In [1]:
import random
import numpy as np
random.seed(777)


### Toy data generation

In [2]:
# Input and Target value
data = [
    [[0, 0], [0]],
    [[0, 1], [1]],
    [[1, 0], [1]],
    [[1, 1], [0]]
]

### Environmental settings

In [3]:
iterations=5000  # Iterations
lr=0.1  # learning rate 
mo=0.4  # momentum coefficient


### Activation functions and weight matrix

In [4]:
# Sigmoid
def sigmoid(x, derivative=False):
    if (derivative == True): # Each return value when differentiating or not
        return x * (1 - x)
    return 1 / (1 + np.exp(-x))

# Hyperbolic tangent
def tanh(x, derivative=False): 
    if (derivative == True): # Each return value when differentiating or not
        return 1 - x ** 2
    return np.tanh(x)

# Function to initialize weight matrices
def makeMatrix(i, j, fill=0.0):
    mat = []
    for i in range(i):
        mat.append([fill] * j)
    return mat


In [19]:
# Run neural network
class NeuralNetwork:

    # Initialize models
    def __init__(self, num_x, num_yh, num_yo, bias=1):

        # Input(num_x), Hidden(num_yh), output(num_yo), bias
        self.num_x = num_x + bias  
        self.num_yh = num_yh
        self.num_yo = num_yo

        # Initialize activation function
        self.activation_input = [1.0] * self.num_x
        self.activation_hidden = [1.0] * self.num_yh
        self.activation_out = [1.0] * self.num_yo

        # weight matrices input
        self.weight_in = makeMatrix(self.num_x, self.num_yh)
        for i in range(self.num_x):
            for j in range(self.num_yh):
                self.weight_in[i][j] = random.random()

        # weight matrices output
        self.weight_out = makeMatrix(self.num_yh, self.num_yo)
        for j in range(self.num_yh):
            for k in range(self.num_yo):
                self.weight_out[j][k] = random.random()

        # Weighted Initial Values for Momentum SGD
        self.gradient_in = makeMatrix(self.num_x, self.num_yh)
        self.gradient_out = makeMatrix(self.num_yh, self.num_yo)

        
        
    # forward propagation 
    def update(self, inputs):

        # activation function for input layer
        for i in range(self.num_x - 1):
            self.activation_input[i] = inputs[i]
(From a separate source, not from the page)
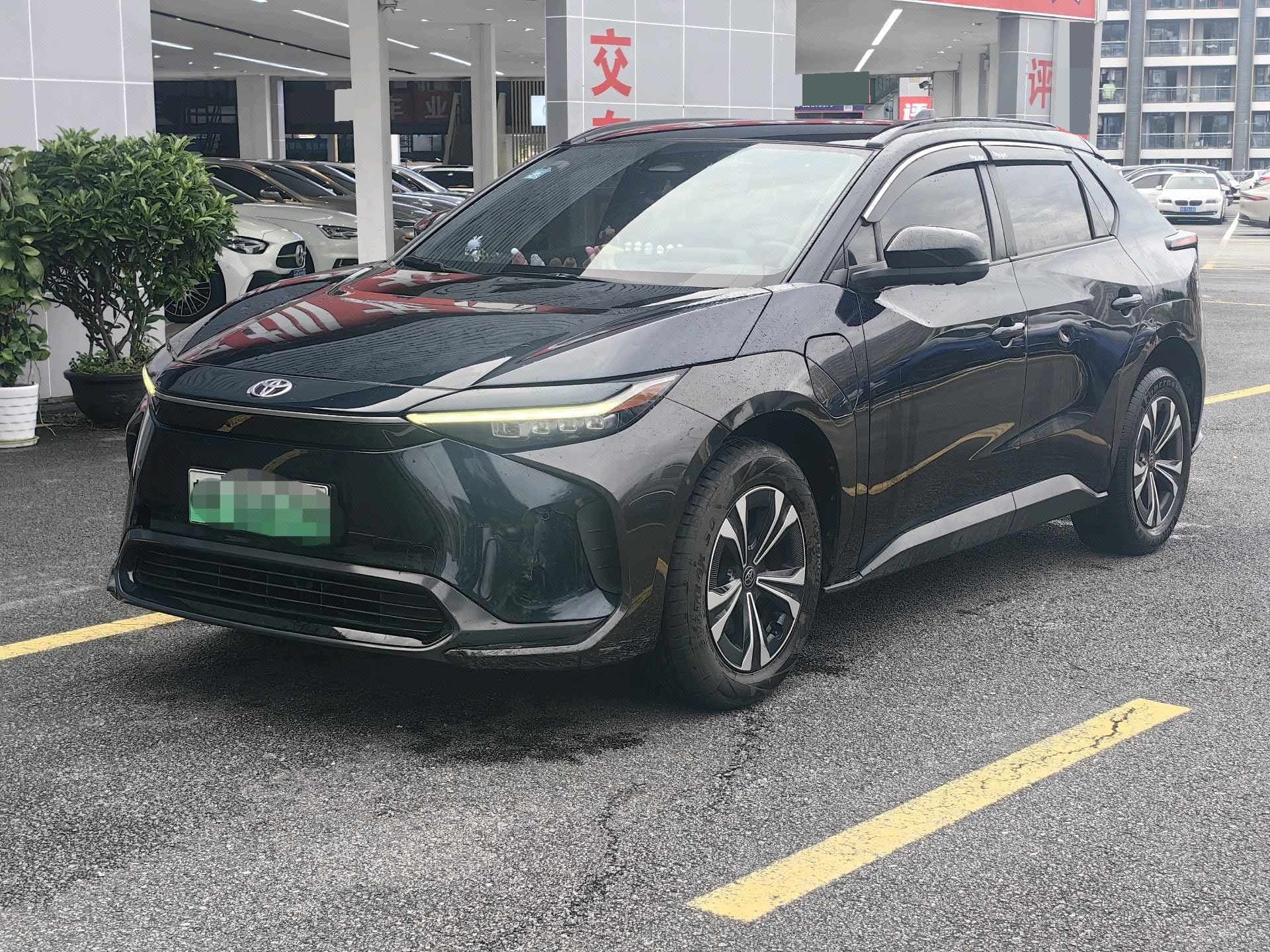 Toyota FAW  bZ4X 2022 Model Year, AWD Freedom Edition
        # activation function for hidden layer
        for j in range(self.num_yh):
            sum = 0.0
            for i in range(self.num_x):
                sum = sum + self.activation_input[i] * self.weight_in[i][j]
           # selecting activation functions between sigmoid and tanh, differentiation
            self.activation_hidden[j] = sigmoid(sum, False)

        # activation function for output layer
        for k in range(self.num_yo):
            sum = 0.0
            for j in range(self.num_yh):
                sum = sum + self.activation_hidden[j] * self.weight_out[j][k]
            
            # selecting activation functions between sigmoid and tanh
            self.activation_out[k] = sigmoid(sum, False)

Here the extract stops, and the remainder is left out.